In the example below, the function transform is defined to operate on scalars. But it can also be used on an array to linearly transform its elements, thus performing an array-based operation.

import cunumeric as np

def transform(input):
    return (input + 3) * 4

x = np.linspace(start=0, stop=10, num=11)

# Acceptable options
y = transform(x)
# or
y = (x + 3) * 4

Use array-based operations, AVOID loops with indexing#

Use array-based implementations as much as possible, and while doing so, ensure that some of the best practices given below are followed.

If a component of the array needs to be set/updated, use an array-based implementation instead of an explicit loop-based implementation.

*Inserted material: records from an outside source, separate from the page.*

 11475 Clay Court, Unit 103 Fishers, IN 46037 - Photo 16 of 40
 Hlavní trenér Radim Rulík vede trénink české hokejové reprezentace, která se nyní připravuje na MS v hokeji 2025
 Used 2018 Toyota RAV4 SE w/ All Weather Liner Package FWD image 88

# x and y are three-dimensional arrays

# Not recommended: Naive element-wise implementation
for i in range(ny):
    for j in range(nx):
        x[0, j, i] = y[3, j, i]

# Recommended: Array-based implementation
x[0] = y[3]

The same recommendation applies when the value we are setting to is a scalar or when values are set conditionally. We first form the condition array corresponding to the conditional and then use that to update the array, essentially breaking it down to three steps:

create the condition array
update the array corresponding to the if statement
update the array corresponding to the else statement while noting that the condition is flipped for the else statement.

# x and y are two-dimensional arrays, and we need to update x
# depending on whether y meets a condition or not.

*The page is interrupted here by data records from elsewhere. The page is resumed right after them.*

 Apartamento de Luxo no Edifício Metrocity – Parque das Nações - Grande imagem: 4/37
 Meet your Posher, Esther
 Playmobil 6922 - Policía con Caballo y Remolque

# Not recommended: Naive element-wise implementation
for i in range(ny):
    for j in range(nx):
        if (y[j, i] < tol):
            x[j, i] = const
        else
            x[j, i] = 1.0 - const

# Recommended: Array-based implementation
cond = y < tol
x[cond] = const
x[~cond] = 1.0 - const

Use boolean masks, AVOID advanced indexing#

Indexing using boolean masks instead of indices is recommended for better performance. In the example below, indexing the array using a boolean mask will be faster than using a array with indices derived from nonzero since the latter could incur additional communication that might be undesirable for performance.

import cunumeric as np

# Not recommended: don't use nonzero to get indices
indices = np.nonzero(h < 0)
x[indices] = y[indices]

# Recommended: Use boolean mask to update the array
cond = h < 0
x[cond] = y[cond]

Use putmask to update an array based on another array#

When an array needs to be updated from another array based on a condition that they both satisfy, use putmask for better performance. In this example, the values of x are updated to twice the value of y only when the condition is met, which can be described using the putmask API.

import cunumeric as np

# We need to update elements of x from y based on a condition
cond = y < tol

# Acceptable
x[cond] = y[cond] * 2.0

# Recommended: use putmask to update elements based on a condition
np.putmask(x, cond, y * 2.0)

Use logic functions, AVOID iterating through a loop#

Setting elements of an array that satisfy multiple conditions to a scalar should be done using logic functions instead of iterating through a loop. Here is an example:

# Not recommended: naive element-wise update to update x
for i in range(ny):
    for j in range(nx):
        if (first_cond and second_cond):
            x[j, i] = const

# Recommended: Use logical operations.
x[np.logical_and(first_cond, second_cond)] = const

Refer to the documentation for other logical operations.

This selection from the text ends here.